手作りのちらしを手に「じゃぽにずぅむ」をPRする平安女学院大の学生たち(京都市上京区・平安女学院大)

手作りのちらしを手に「じゃぽにずぅむ」をPRする平安女学院大の学生たち(京都市上京区・平安女学院大)

催しの期間中、来園者に配られる「御朱印帳」。園内を巡って、動物の足型スタンプを押してもらい、完成させる

催しの期間中、来園者に配られる「御朱印帳」。園内を巡って、動物の足型スタンプを押してもらい、完成させる

 和風の動物園におこしやす-。京都市動物園(左京区)で19~21日、「じゃぽにずぅむ」と銘打った秋の夜間開園が行われる。園と連携協定を結ぶ平安女学院大(上京区)の学生が発案し、提灯のライトアップや動物にちなんだ「御朱印帳」のスタンプラリーなど、普段と異なる和の雰囲気で園の魅力を伝える。

 同大学国際観光学部の学生たちは昨年、授業で市動物園の活性化をテーマに取り組み、プレゼン大会でアイデアを競った。

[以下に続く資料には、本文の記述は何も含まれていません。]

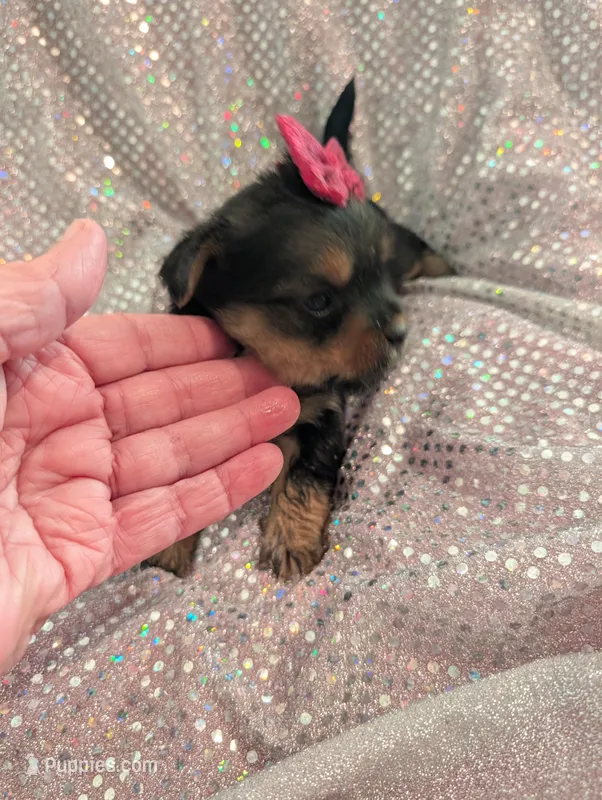 Scarlett  – Yorkipoo puppy for sale in London, KY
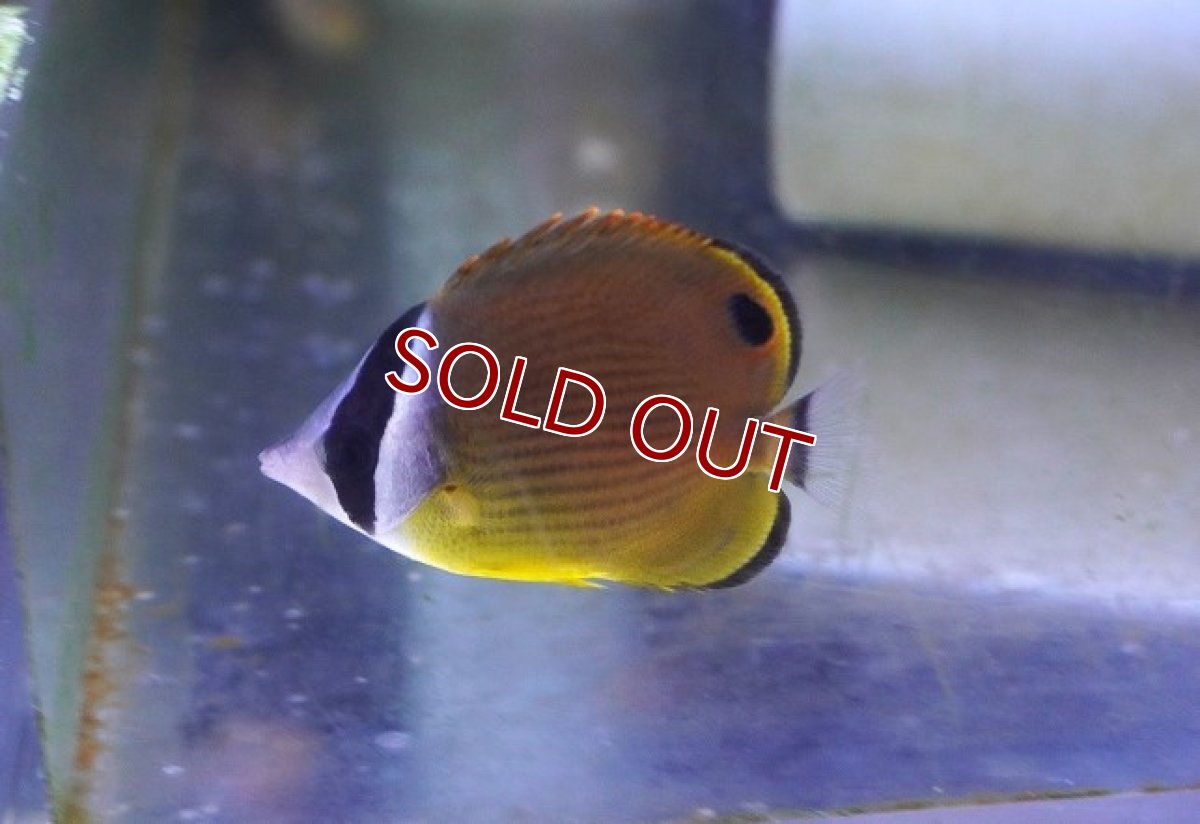 画像2: 【海水魚・チョウチョウウオ】ナミチョウチョウオ【1匹】（±5-7cm）（サンプル画像）（生体）(海水魚) (2)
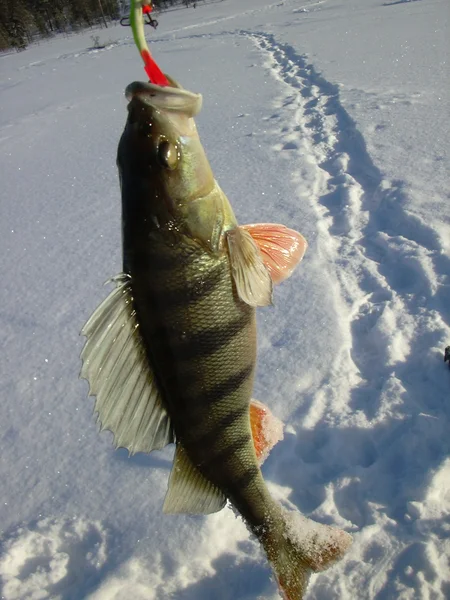 Красавец окунь. Фото из личного архива.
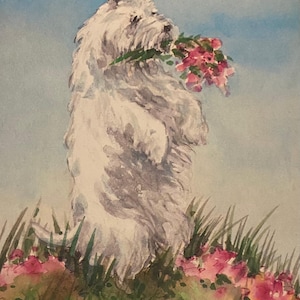 Cartolina finlandese, cane West Highland Terrier che tiene un fiore, auguri di Pasqua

ジャポニスム(欧米での日本美術品ブーム)とズー(動物園)を合わせた造語「じゃぽにずぅむ」を掲げ、京都らしい和のおもてなしを提案したグループが最優秀に輝き、秋の夜間開園に合わせて実施することになった。

 東映京都撮影所(右京区)の協力で正面エントランスなどに提灯を掲げるほか、「アニマル御朱印めぐり」と称したスタンプラリーがイベントの目玉だ。

 手作りの「御朱印帳」にはアジアゾウやキリン、シマウマなどが漢字で書かれ、来園者は裏面のクイズを参考に園内5カ所のポイントを探し、動物の足形スタンプを押してもらう。完成すれば特製のポストカードが贈られる。

 グループリーダーの3年北畑麻織さん(20)は「御朱印帳が雰囲気のある仕上がりになってうれしい。動物の漢字やクイズを楽しみながら園内を巡ってほしい」と話す。

 今春からの準備で新型コロナウイルスの影響も受けたが、学生たちは園の見学や職員との話し合い、ポスターやスタンプの制作などに奔走。期間中は、延べ約100人の学生が来園者対応や園内アナウンスを担当する。

 グループの3年近藤万里奈さん(20)と3年有海明日加さん(21)は「企画を通して種の保存など動物園のさまざまな役割も学べた。遠くに行きにくい今だからこそ、地元の人にもあらためて園の良さや魅力を感じてもらえたら」と思いを込める。

 19~21日は午後8時まで開園。「御朱印帳」の配布は午後5時半~7時半。京都市動物園075(771)0210。